_What you need to do_
Please set down the data word for word; images do not go in the copy.

_Data segment_
>>>>
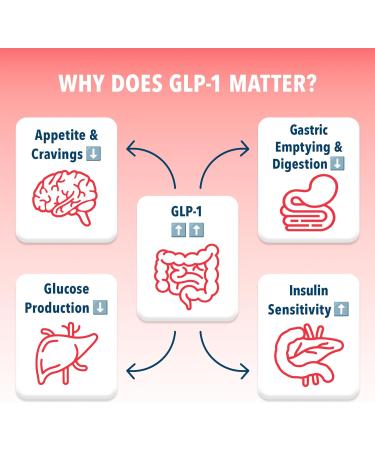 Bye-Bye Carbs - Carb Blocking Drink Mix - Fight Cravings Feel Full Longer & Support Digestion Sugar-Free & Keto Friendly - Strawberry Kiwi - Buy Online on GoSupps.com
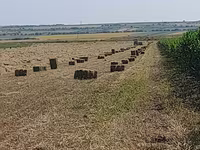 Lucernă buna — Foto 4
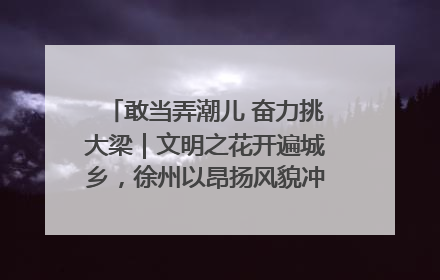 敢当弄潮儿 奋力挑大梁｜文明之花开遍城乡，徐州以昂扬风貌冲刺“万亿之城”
<<<<
_Answer area_
 Bye-Bye Carbs - Carb Blocking Drink Mix - Fight Cravings Feel Full Longer & Support Digestion Sugar-Free & Keto Friendly - Strawberry Kiwi - Buy Online on GoSupps.com
 Lucernă buna — Foto 4
 敢当弄潮儿 奋力挑大梁｜文明之花开遍城乡，徐州以昂扬风貌冲刺“万亿之城”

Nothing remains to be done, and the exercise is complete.